__Task brief__.
In your copy of the data, omit the pictures and keep all else exactly as given.

[Stored items from a collection]
◆ ◆ ◆ ◆ ◆
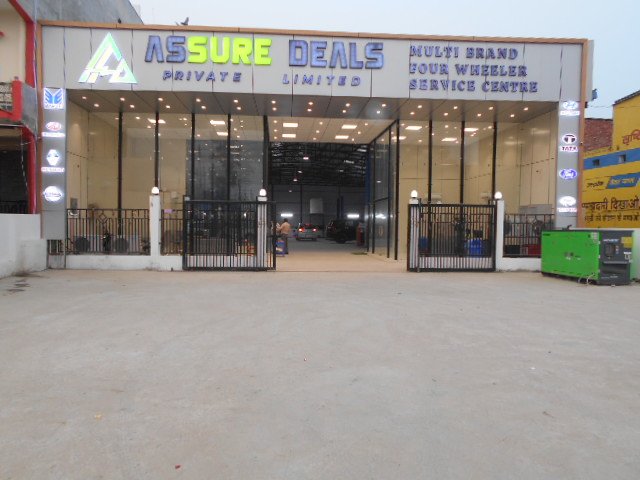 Vehicle service and inspection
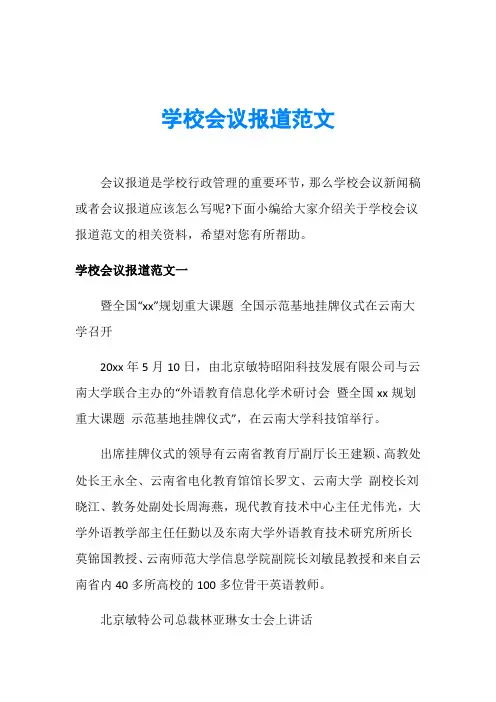 学校会议报道范文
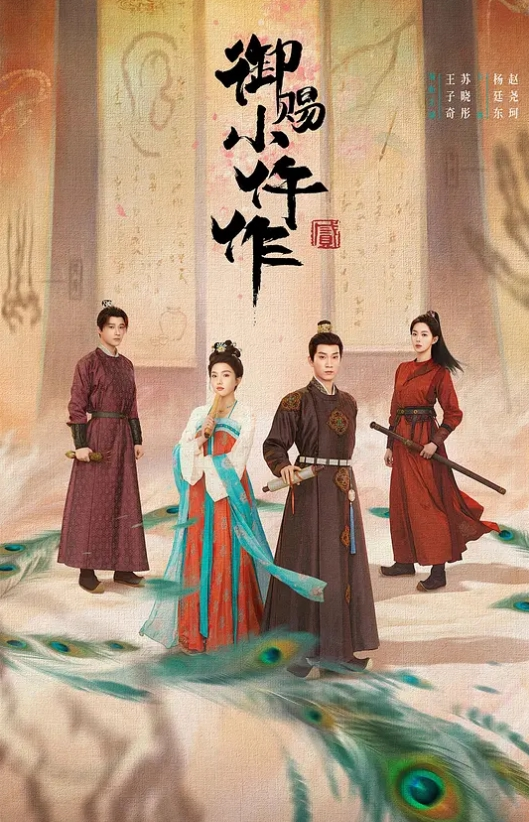 网传抖音网红少女露脸做爱 - 激流涌入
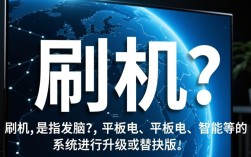 康佳电视刷机方法详解，是简单操作还是存在风险？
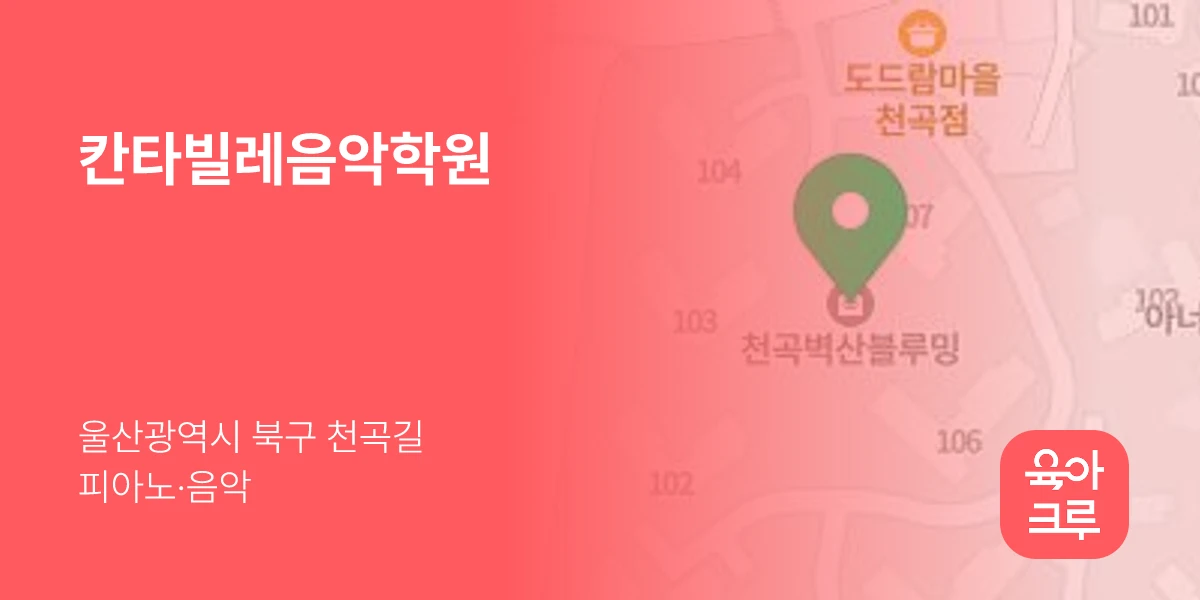 칸타빌레음악학원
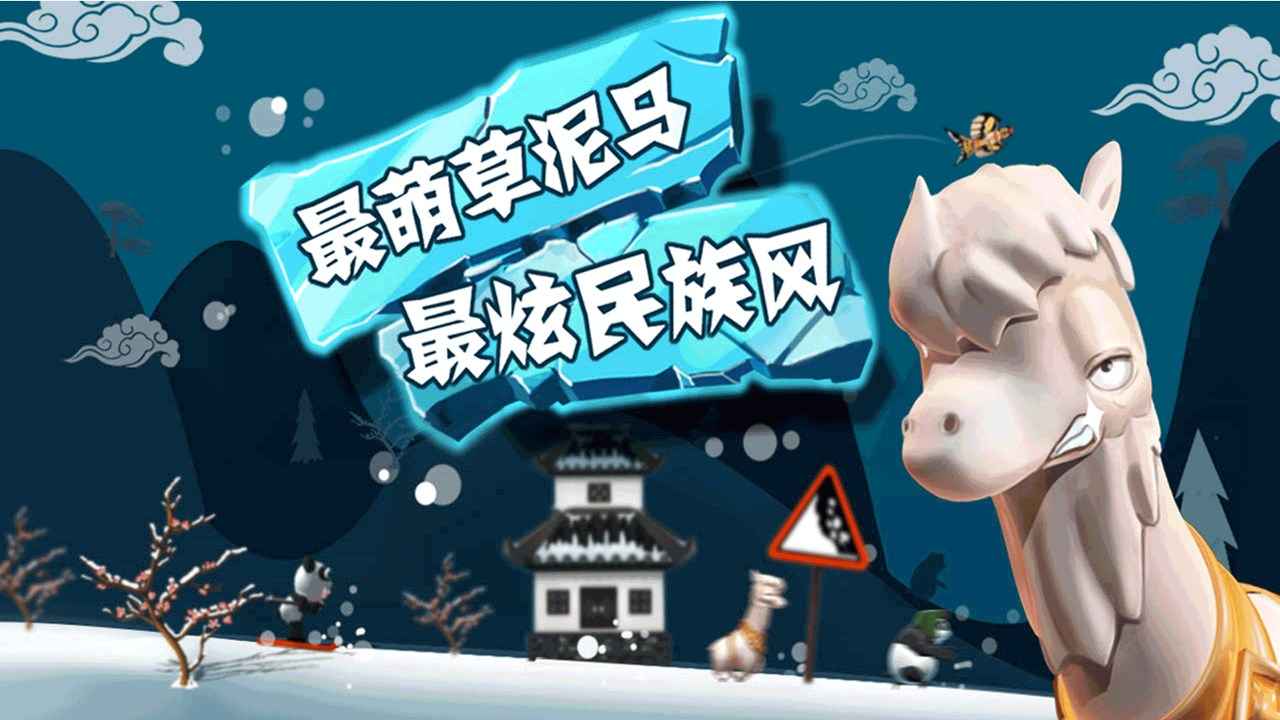 滑雪大冒险内购全免费破解版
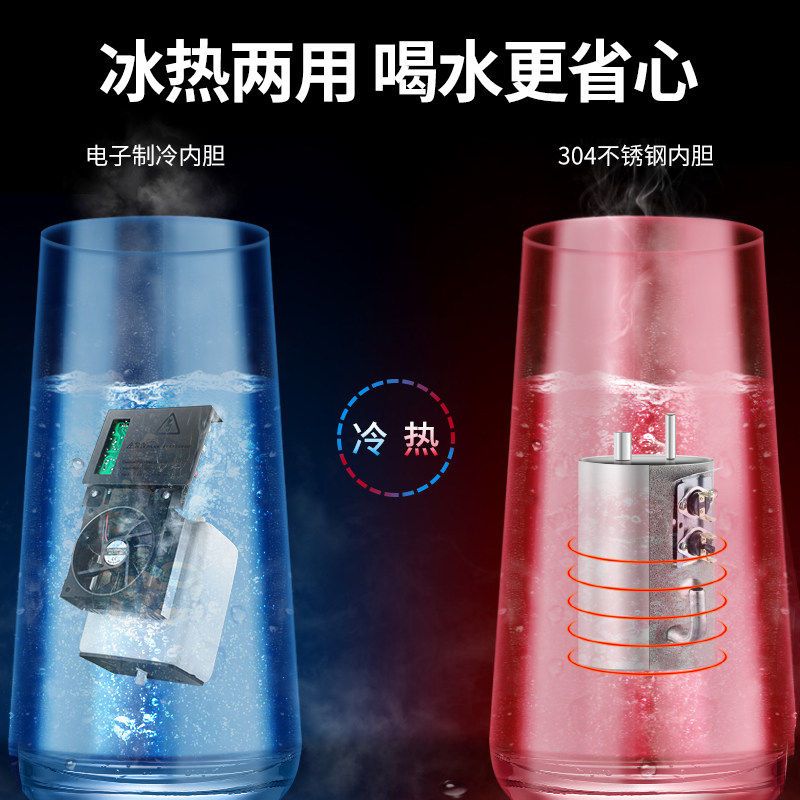 九阳茶吧机家用全自动饮水机下置水桶制温热高端智能客厅2021新款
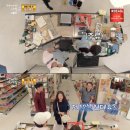 박보영김밥 이미지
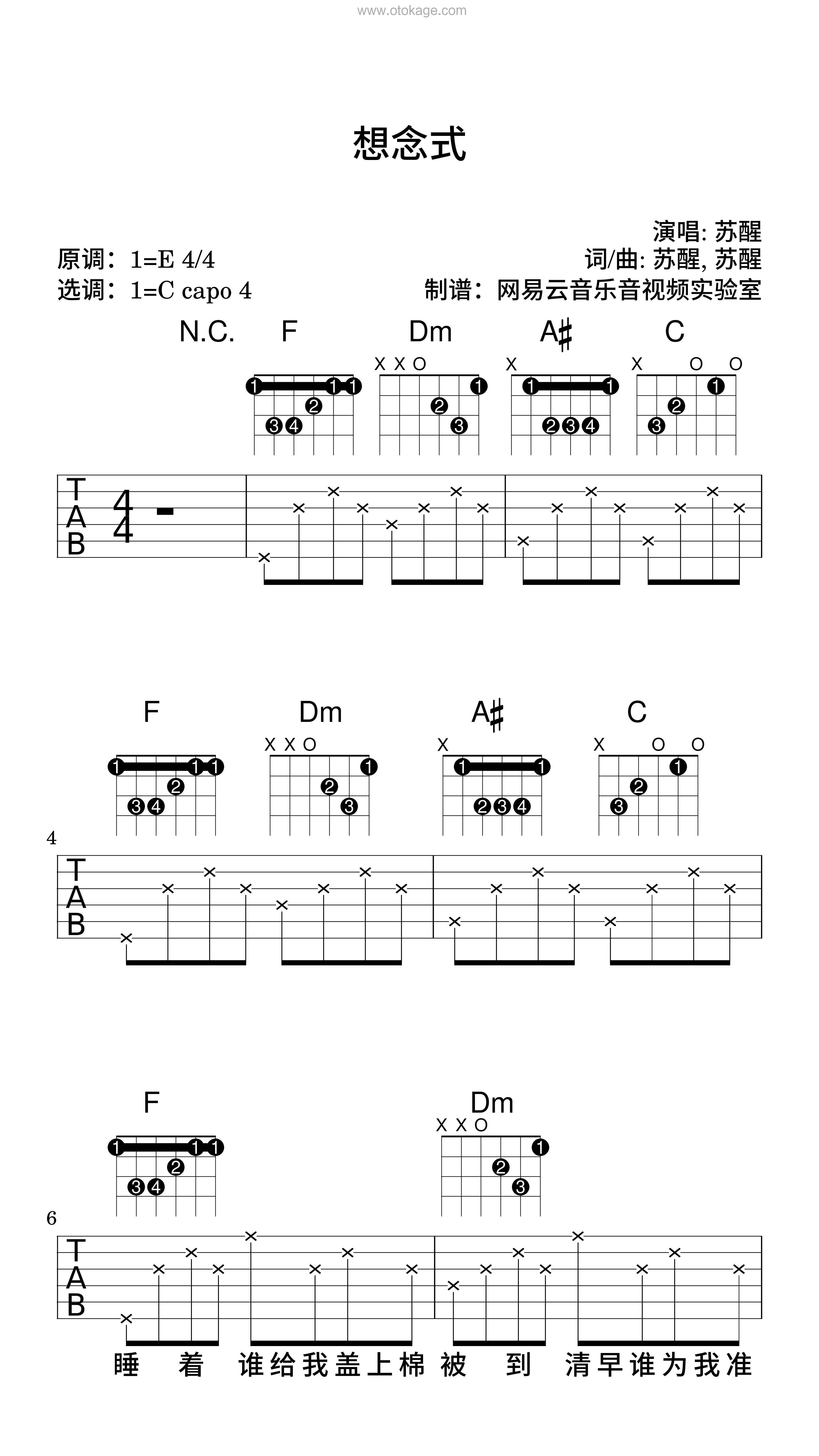 苏醒《想念式吉他谱》E调_节奏充满活力
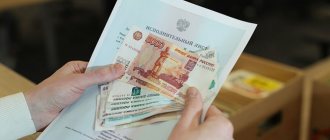 удержание алиментов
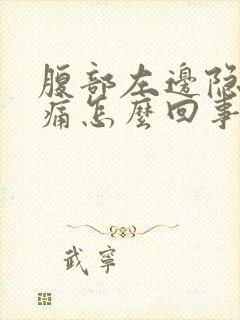 腹部左边隐隐作痛怎么回事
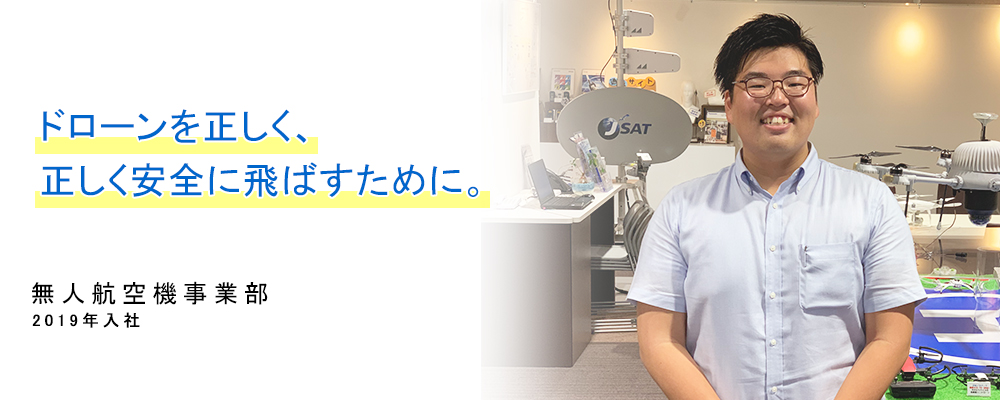 2019年入社　無人航空機事業部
◆ ◆ ◆ ◆ ◆
__Solution for this task__.
 Vehicle service and inspection
 学校会议报道范文
 网传抖音网红少女露脸做爱 - 激流涌入
 康佳电视刷机方法详解，是简单操作还是存在风险？
 칸타빌레음악학원
 滑雪大冒险内购全免费破解版
 九阳茶吧机家用全自动饮水机下置水桶制温热高端智能客厅2021新款
 박보영김밥 이미지
 苏醒《想念式吉他谱》E调_节奏充满活力
 удержание алиментов
 腹部左边隐隐作痛怎么回事
 2019年入社　無人航空機事業部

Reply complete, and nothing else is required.